▶ **WHAT TO PRODUCE**
Using the listing below, please print exactly the lines from the one with "Tommy Lyons pictured" through the one with "Shop Lemaire Light". Leave out every picture.

____ RECORDS PROVIDED

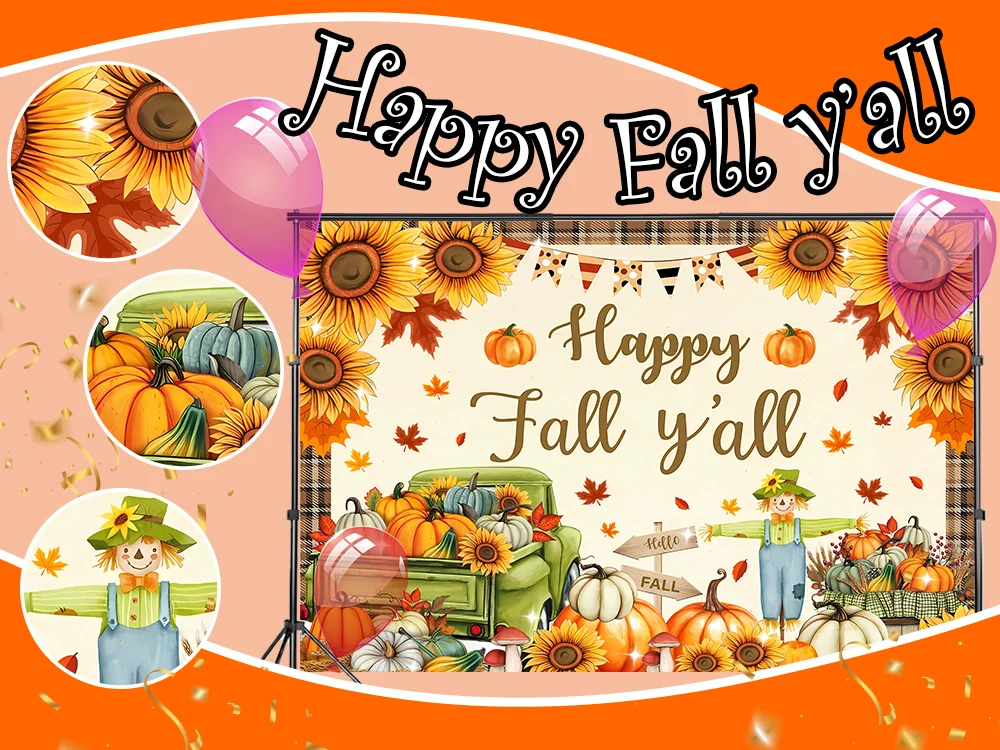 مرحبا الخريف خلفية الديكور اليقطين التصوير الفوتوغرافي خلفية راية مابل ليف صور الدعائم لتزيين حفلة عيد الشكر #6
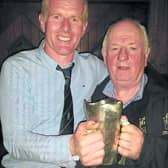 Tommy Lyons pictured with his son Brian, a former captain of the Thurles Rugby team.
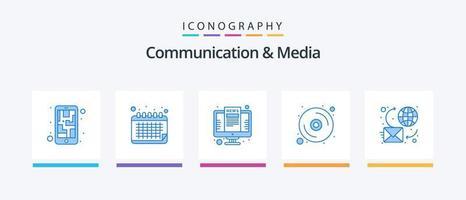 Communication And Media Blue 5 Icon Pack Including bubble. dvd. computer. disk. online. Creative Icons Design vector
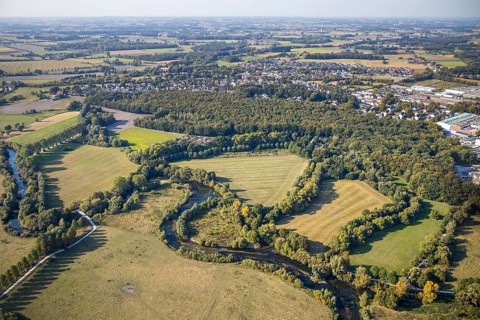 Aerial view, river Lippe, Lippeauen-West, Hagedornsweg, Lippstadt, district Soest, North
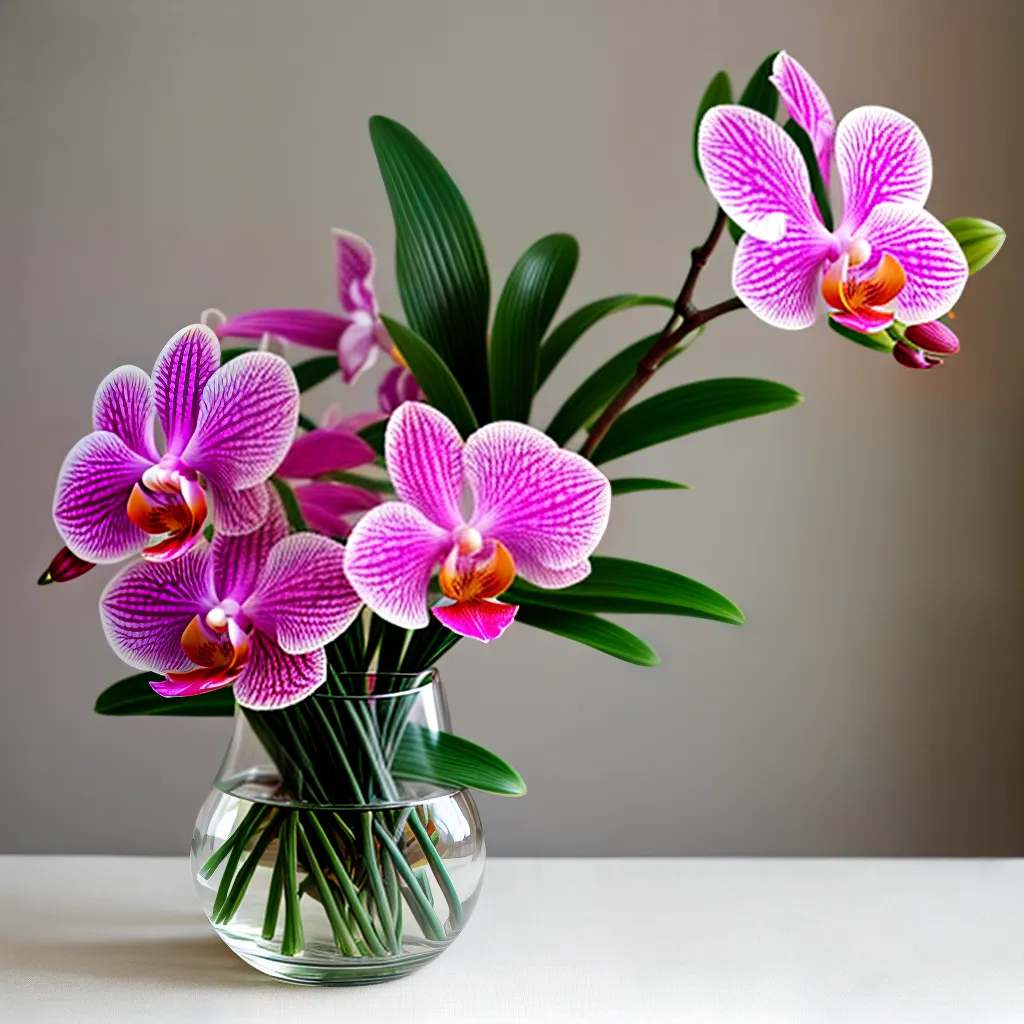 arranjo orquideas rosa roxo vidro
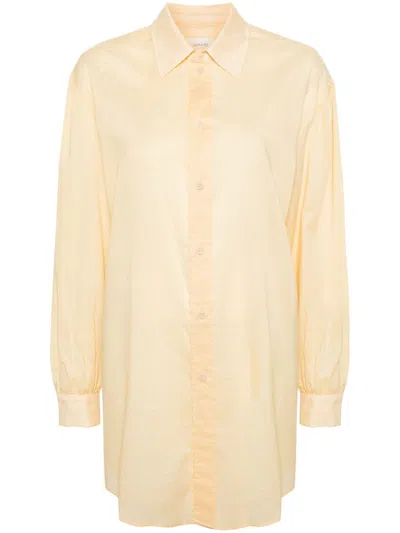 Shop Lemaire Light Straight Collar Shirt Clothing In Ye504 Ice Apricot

________
____ RECORDS PROVIDED

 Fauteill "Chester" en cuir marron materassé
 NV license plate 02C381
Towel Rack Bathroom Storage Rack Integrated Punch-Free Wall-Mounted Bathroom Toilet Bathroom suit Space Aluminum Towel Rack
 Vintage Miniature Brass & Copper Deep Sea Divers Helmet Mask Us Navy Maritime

________
____ RECORDS PROVIDED

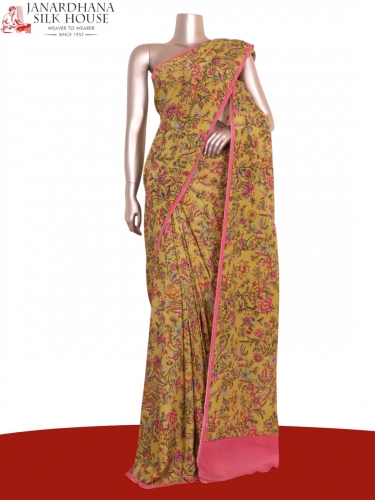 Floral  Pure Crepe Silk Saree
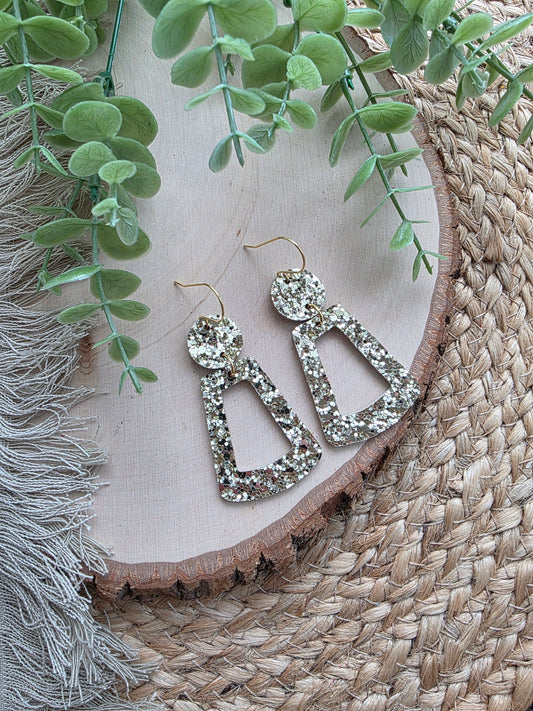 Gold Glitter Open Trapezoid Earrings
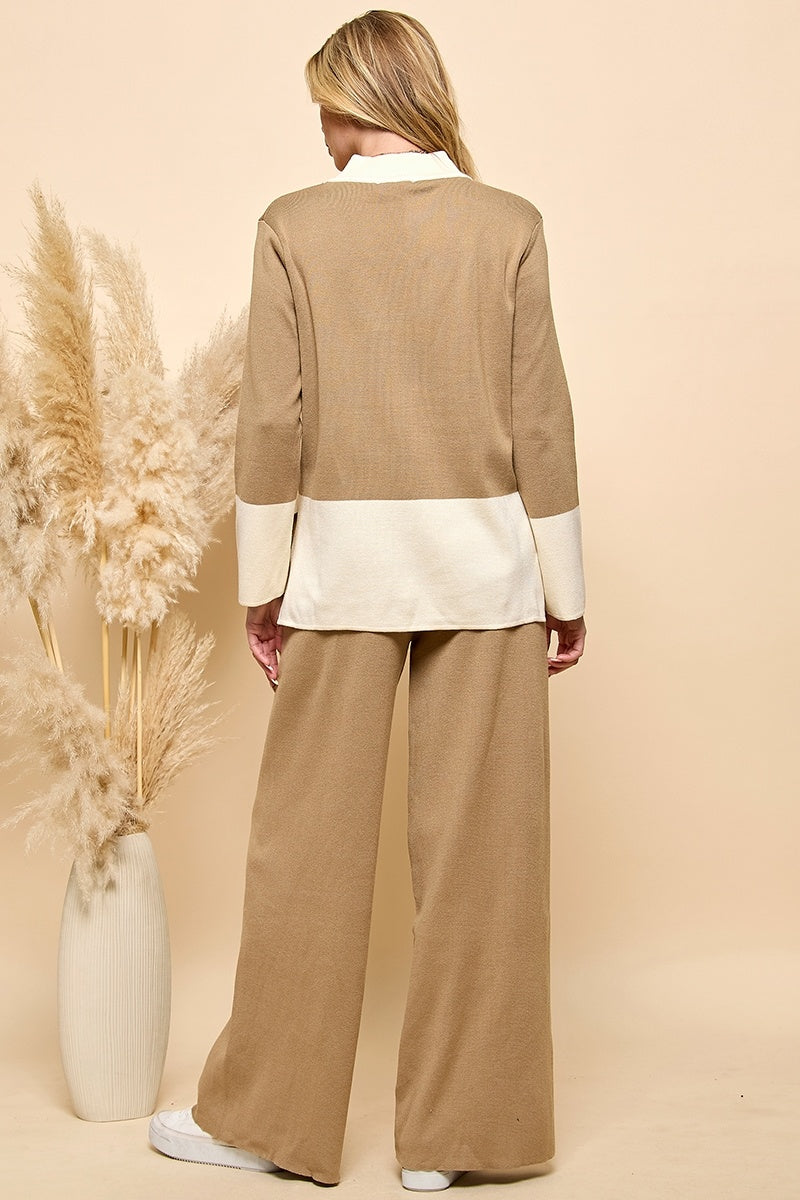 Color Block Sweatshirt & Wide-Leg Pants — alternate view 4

________

▶ **TASK OUTPUT**
 Tommy Lyons pictured with his son Brian, a former captain of the Thurles Rugby team.
 Communication And Media Blue 5 Icon Pack Including bubble. dvd. computer. disk. online. Creative Icons Design vector
 Aerial view, river Lippe, Lippeauen-West, Hagedornsweg, Lippstadt, district Soest, North
 arranjo orquideas rosa roxo vidro
 Shop Lemaire Light Straight Collar Shirt Clothing In Ye504 Ice Apricot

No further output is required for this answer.